Over the past 40 years, the developed nations in the Organisation for Economic Co-operation and Development have donated over $3 trillion in official development assistance (ODA), with about one-third of it—nearly $1.1 trillion in constant 2008 dollars, according to the Congressional Research Service—coming from the United States. This assistance is spent such programs as bilateral and multilateral development (social welfare, agriculture, health care, food aid, and reform of institutions) as well as humanitarian, economic and political security, and military assistance.
Yet studies by economists such as Professor William Easterly of New York University have repeatedly shown that ODA fails to produce sustainable economic development through economic growth, job creation, and higher living standards. Foreign aid rarely generates sustained prosperity; if it does achieve short-term success, it does so at a very high price. For the most part, no multipliers materialize after the aid is spent because it leaves the economies of recipient nations fundamentally distorted. The influx of development assistance often stimulates rent-seeking behavior by the politically well-connected, weakens institutions of democratic governance, and perpetuates the corrupt regimes that are the main obstacles to growth.

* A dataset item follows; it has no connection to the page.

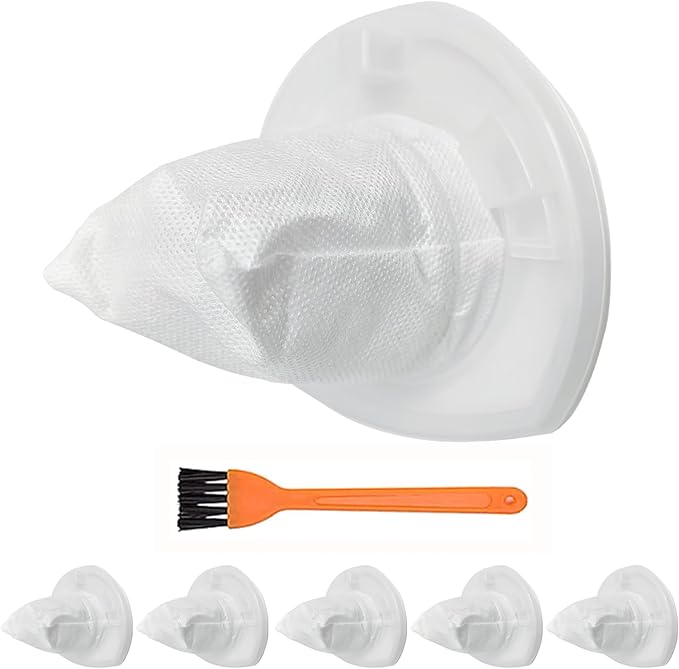 Replacement Filter for Black and Decker: 6 Pack filter for Cordless Handheld Vacuum VF110 CHV1410L CHV1410 CHV9610 CHV1210 CHV1510 CHV1410B Dust Buster Compact Hand VAC BDH2000L - AquaVibe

The Index of Economic Freedom, published annually by The Heritage Foundation and The Wall Street Journal, measures a country’s openness to competition; the degree of state intervention in the economy (whether through taxation, spending, or overregulation); and the strength and independence of the judiciary in enforcing rules and protecting private property. It consistently finds that free markets and entrepreneurship are keys to prosperity. The 2011 Index highlighted a significant positive correlation between higher economic freedom scores and reduced poverty as measured by the United Nations Development Programme’s Human Development Index as well as improved democratic governance and political stability as tracked by the Economist Intelligence Unit’s Index of Democracy.
Even though traditional U.S. development assistance programs do not have a good track record, President Barack Obama dramatically increased spending on foreign aid; he requested $35.9 billion in foreign operations funding (excluding State Department operations) for fiscal year (FY) 2012, up from $26.1 billion requested for FY 2009 (the last budget of the George W. Bush Administration).
The U.S. bilateral and multilateral development assistance requested for FY 2012 includes $1.5 billion for the operating budget of the U.S. Agency for International Development (USAID); $1.125 billion for the Millennium Challenge Corporation (MCC); $6 billion (combined State Department and USAID funding) for the President’s Emergency Plan for AIDS Relief (PEPFAR); $625 million for family planning and reproductive health; and funding for other global health and child survival programs, international humanitarian and disaster assistance, migration and refugee assistance, and economic support funds (ESF).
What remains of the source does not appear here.